(Supplied information Opens)

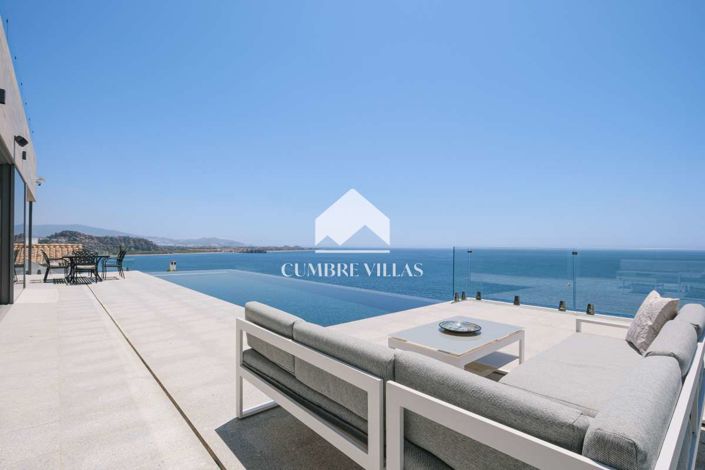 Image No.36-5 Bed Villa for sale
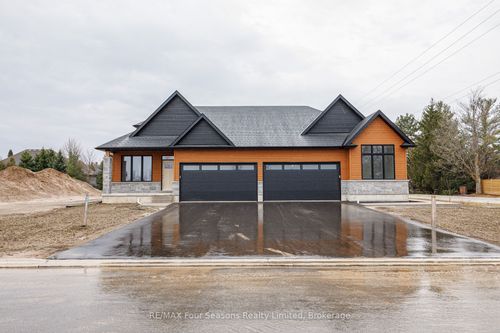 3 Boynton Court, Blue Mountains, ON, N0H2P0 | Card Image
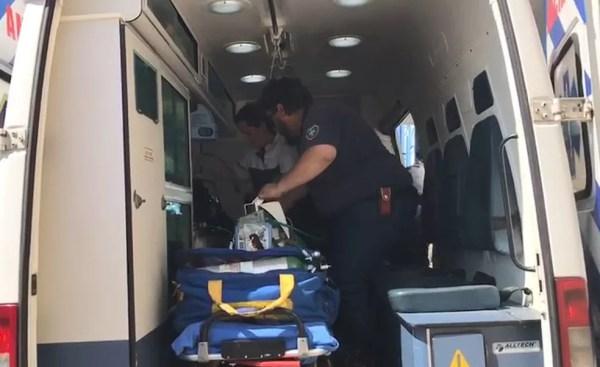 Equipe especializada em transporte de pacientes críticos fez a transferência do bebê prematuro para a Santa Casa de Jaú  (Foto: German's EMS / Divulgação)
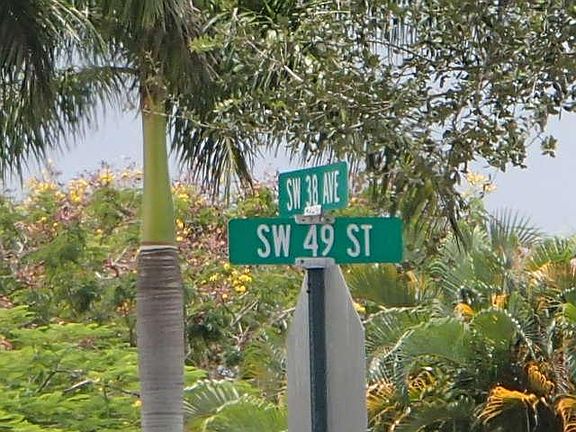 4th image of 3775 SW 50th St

(Supplied information Closes)

Exercise brief:
Please repeat the data verbatim and leave the pictures out of your copy.

Task response:
 Image No.36-5 Bed Villa for sale
 3 Boynton Court, Blue Mountains, ON, N0H2P0 | Card Image
 Equipe especializada em transporte de pacientes críticos fez a transferência do bebê prematuro para a Santa Casa de Jaú  (Foto: German's EMS / Divulgação)
 4th image of 3775 SW 50th St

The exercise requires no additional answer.